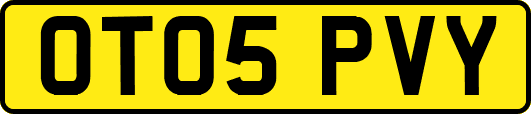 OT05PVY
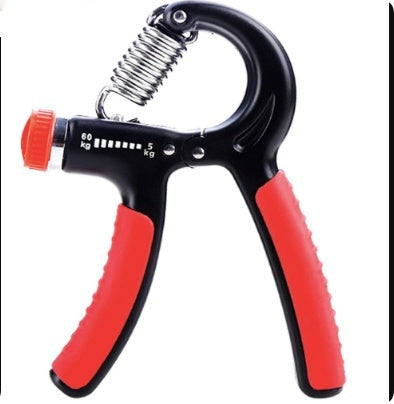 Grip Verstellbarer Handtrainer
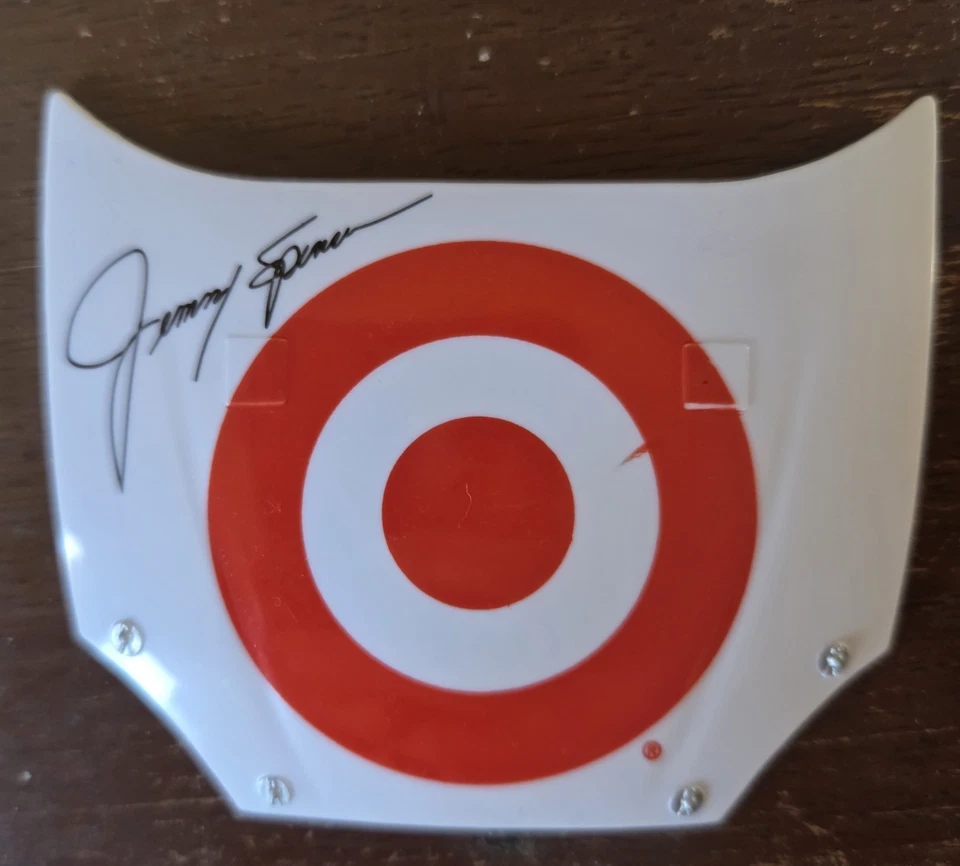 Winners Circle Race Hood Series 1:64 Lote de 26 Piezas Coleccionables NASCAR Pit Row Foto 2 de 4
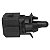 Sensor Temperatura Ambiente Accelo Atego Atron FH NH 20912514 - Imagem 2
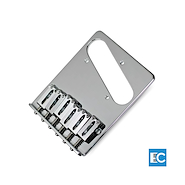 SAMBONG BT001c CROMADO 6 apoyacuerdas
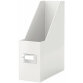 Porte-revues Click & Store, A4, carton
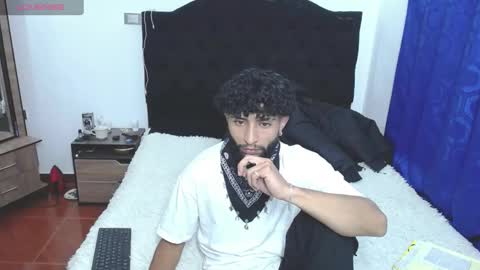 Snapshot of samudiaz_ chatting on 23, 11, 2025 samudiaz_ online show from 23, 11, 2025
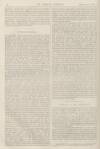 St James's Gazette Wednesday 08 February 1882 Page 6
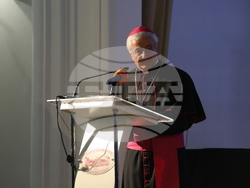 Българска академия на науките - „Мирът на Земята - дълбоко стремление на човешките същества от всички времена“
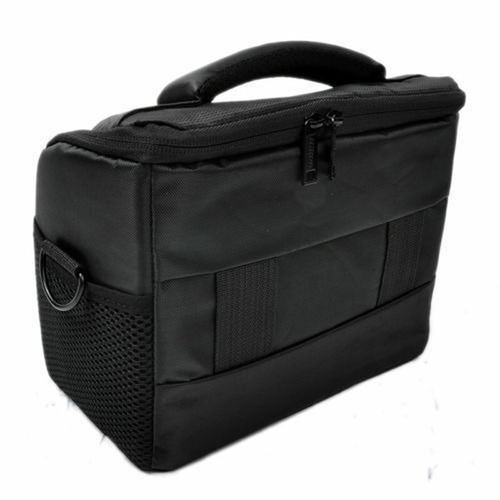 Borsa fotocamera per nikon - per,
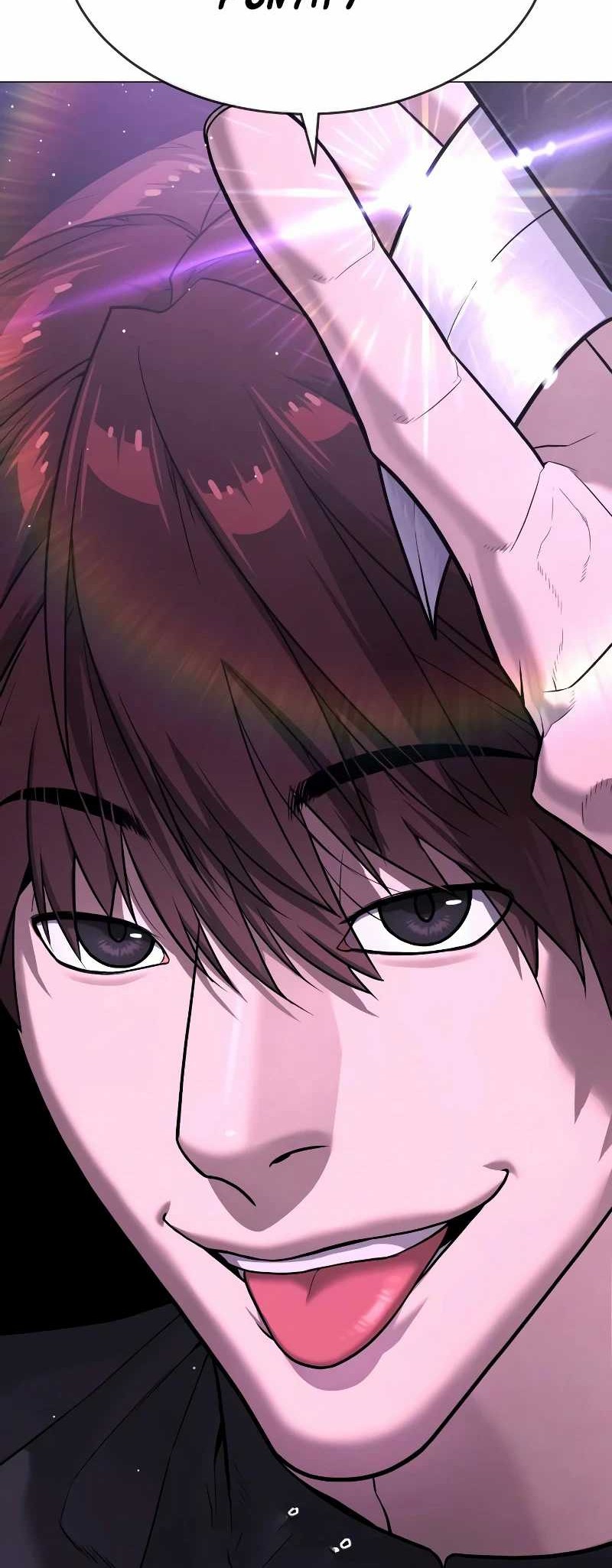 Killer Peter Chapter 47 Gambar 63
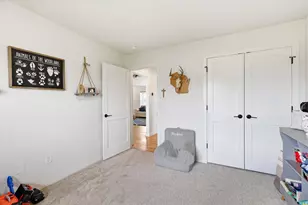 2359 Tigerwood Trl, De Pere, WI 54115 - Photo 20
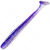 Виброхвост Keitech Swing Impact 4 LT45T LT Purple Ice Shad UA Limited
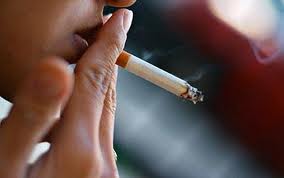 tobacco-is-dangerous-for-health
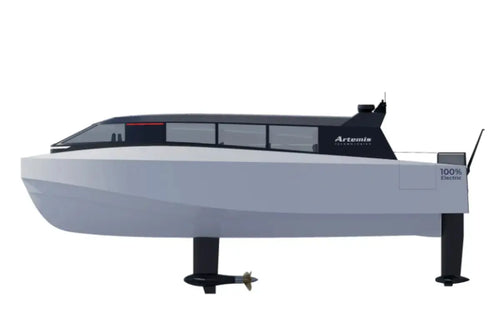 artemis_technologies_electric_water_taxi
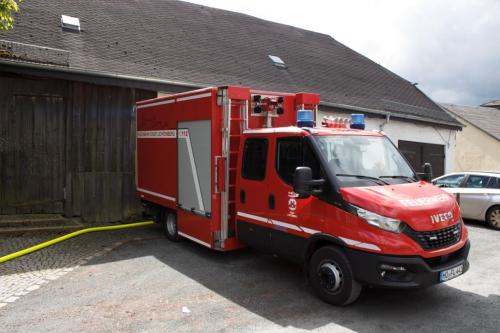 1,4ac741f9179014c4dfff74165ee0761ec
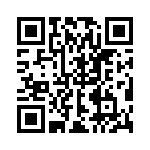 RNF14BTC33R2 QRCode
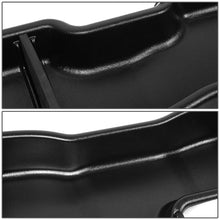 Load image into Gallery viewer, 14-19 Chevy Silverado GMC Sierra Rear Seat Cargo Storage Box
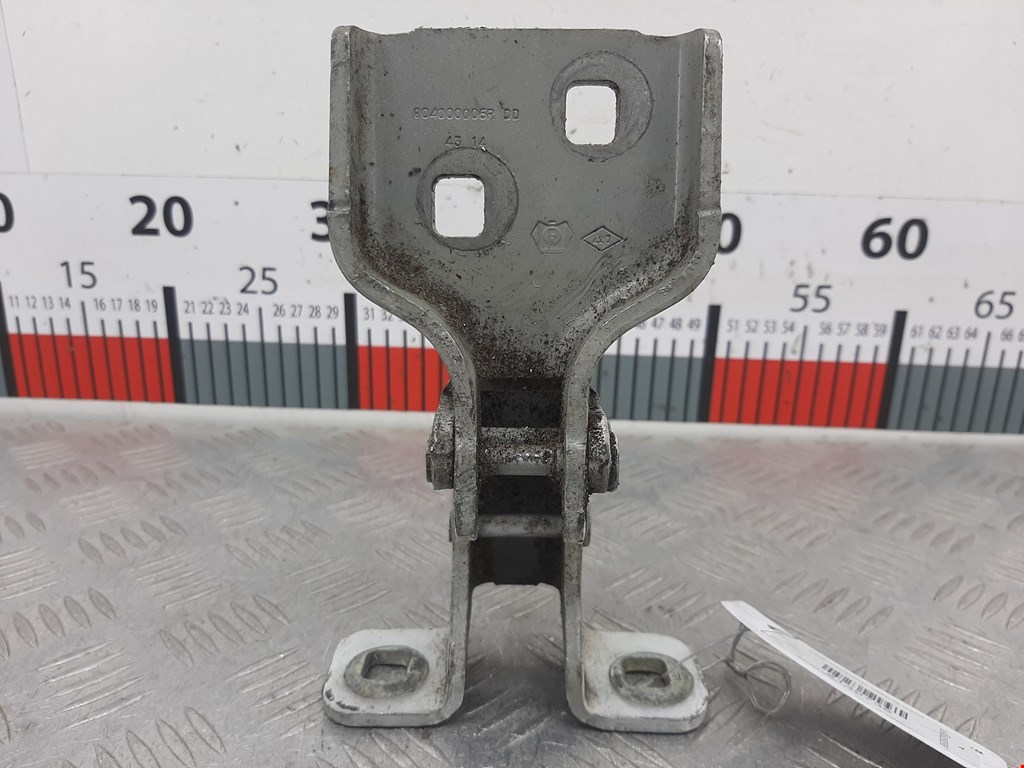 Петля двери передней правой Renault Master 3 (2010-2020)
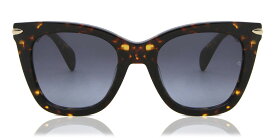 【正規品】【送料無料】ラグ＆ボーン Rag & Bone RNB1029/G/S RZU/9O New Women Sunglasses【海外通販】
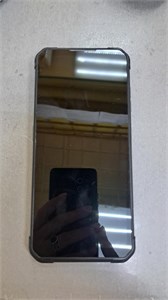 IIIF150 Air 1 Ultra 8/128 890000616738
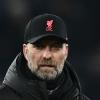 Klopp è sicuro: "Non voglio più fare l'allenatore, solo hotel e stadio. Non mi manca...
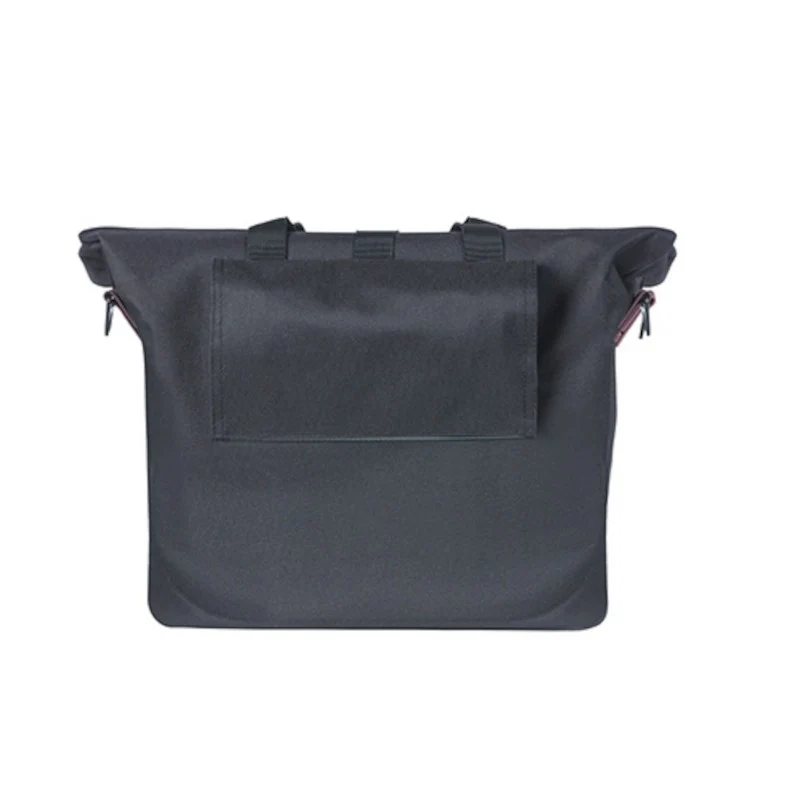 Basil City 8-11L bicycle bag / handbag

Task description: Print out the records in full and exactly, dropping every picture.

Reply to the task:
 OT05PVY
 Grip Verstellbarer Handtrainer
 Winners Circle Race Hood Series 1:64 Lote de 26 Piezas Coleccionables NASCAR Pit Row Foto 2 de 4
 Sensor Temperatura Ambiente Accelo Atego Atron FH NH 20912514 - Imagem 2
 SAMBONG BT001c CROMADO 6 apoyacuerdas
 Porte-revues Click & Store, A4, carton
 Snapshot of samudiaz_ chatting on 23, 11, 2025 samudiaz_ online show from 23, 11, 2025
 St James's Gazette Wednesday 08 February 1882 Page 6
 Българска академия на науките - „Мирът на Земята - дълбоко стремление на човешките същества от всички времена“
 Borsa fotocamera per nikon - per,
 Killer Peter Chapter 47 Gambar 63
 2359 Tigerwood Trl, De Pere, WI 54115 - Photo 20
 Виброхвост Keitech Swing Impact 4 LT45T LT Purple Ice Shad UA Limited
 tobacco-is-dangerous-for-health
 artemis_technologies_electric_water_taxi
 1,4ac741f9179014c4dfff74165ee0761ec
 RNF14BTC33R2 QRCode
 Load image into Gallery viewer, 14-19 Chevy Silverado GMC Sierra Rear Seat Cargo Storage Box
 Петля двери передней правой Renault Master 3 (2010-2020)
 【正規品】【送料無料】ラグ＆ボーン Rag & Bone RNB1029/G/S RZU/9O New Women Sunglasses【海外通販】
 IIIF150 Air 1 Ultra 8/128 890000616738
 Klopp è sicuro: "Non voglio più fare l'allenatore, solo hotel e stadio. Non mi manca...
 Basil City 8-11L bicycle bag / handbag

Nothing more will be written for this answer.